Quatro Anos de Experência na Aplicação da Resolução CGPC nº 26

Quatro Anos de Experência na Aplicação da Resolução CGPC nº 26

Os limites do poder regulador é um tema, por si só, bastante complexo, merecedor de várias obras jurídicas e correntes doutrinárias diversas. Que se dirá quando o Estado se propõe a regular matéria tão controversa como a distribuição de superávit e o equacionamento de déficit dos Fundos de Pensão, lidando com a expectativa de milhões de participantes e assistidos dessas entidades. A edição da Resolução CGPC nº 26, de 29 de setembro de 2008, foi uma medida precedida de muitos debates e controvérsias, algumas das quais permanecem até hoje, principalmente no âmbito judicial. Mas, com todas as polêmicas, a norma já ultrapassou seus quatro anos de existência, merecendo um olhar mais atento sobre a forma como tem sido aplicada durante esse período.

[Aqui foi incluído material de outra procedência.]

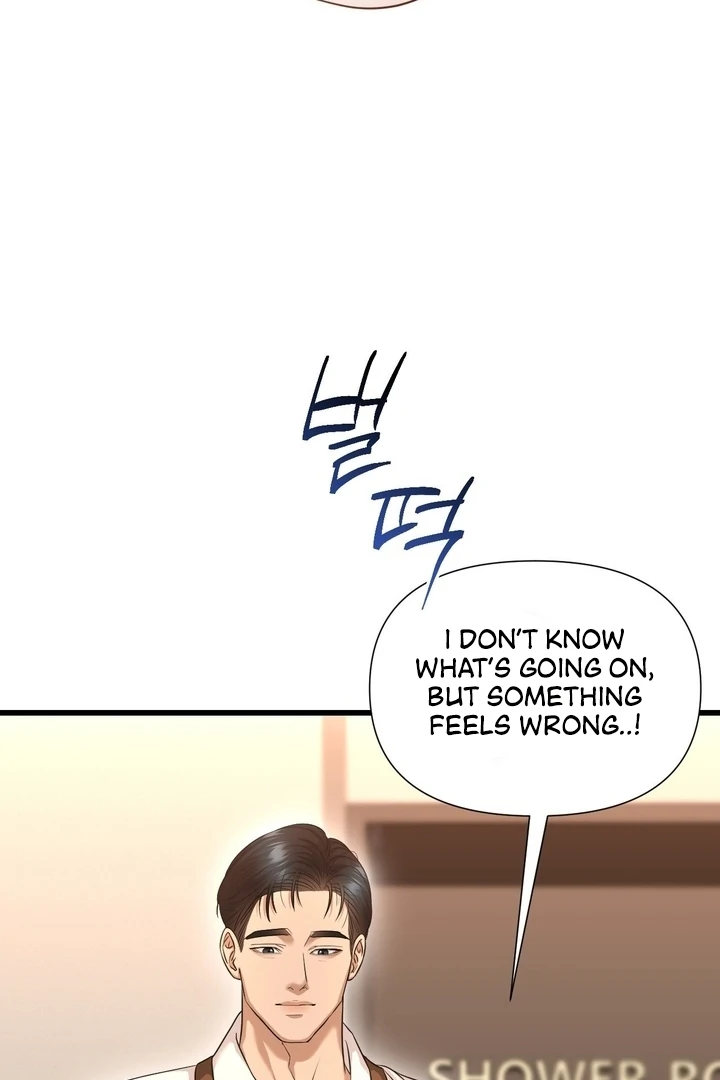 Let’s Go For a Shampoo Chapter 2 - Page 18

Inicialmente é importante ressaltar que déficit e superávit são conceitos essencialmente contábeis. Como se pode extrair da Resolução CFC nº 1.409, de 21 de setembro de 2012, tais definições são utilizadas por entidades sem finalidade lucrativa no lugar das expressões lucro ou prejuízo, próprias para entidades que visam lucro.

Esses conceitos foram incorporados pela legislação, em especial pela LC nº 109/2001 e pela Resolução CGPC nº 26/2008, que agregaram regras específicas, aplicáveis às entidades fechadas de previdência complementar, tanto sobre destinação de superávit quanto a respeito de equacionamento de déficit. Vale observar que os atos praticados antes da Resolução CGPC nº 26/2008, relativos à distribuição de superávit ou equacionamento de déficit, devem ser analisados apenas sob o ponto de vista de sua conformidade com os ditames da LC nº 109/2001 e dos regulamentos então em vigor. Tais atos estão protegidos pela figura do ato jurídico perfeito, desde que a decisão tenha sido definitivamente tomada antes da entrada em vigor da Resolução, em 1º de outubro de 2008. Nesse sentido é o entendimento do órgão supervisor, que tem interpretado a regra do artigo 32 de forma ampla, apenas afastando as decisões anteriores à vigência da Resolução quando contrariem frontalmente as disposições da LC nº 109/2001.
Dessa forma, as considerações a seguir servem, principalmente, para as decisões tomadas a partir de 1º de outubro de 2008.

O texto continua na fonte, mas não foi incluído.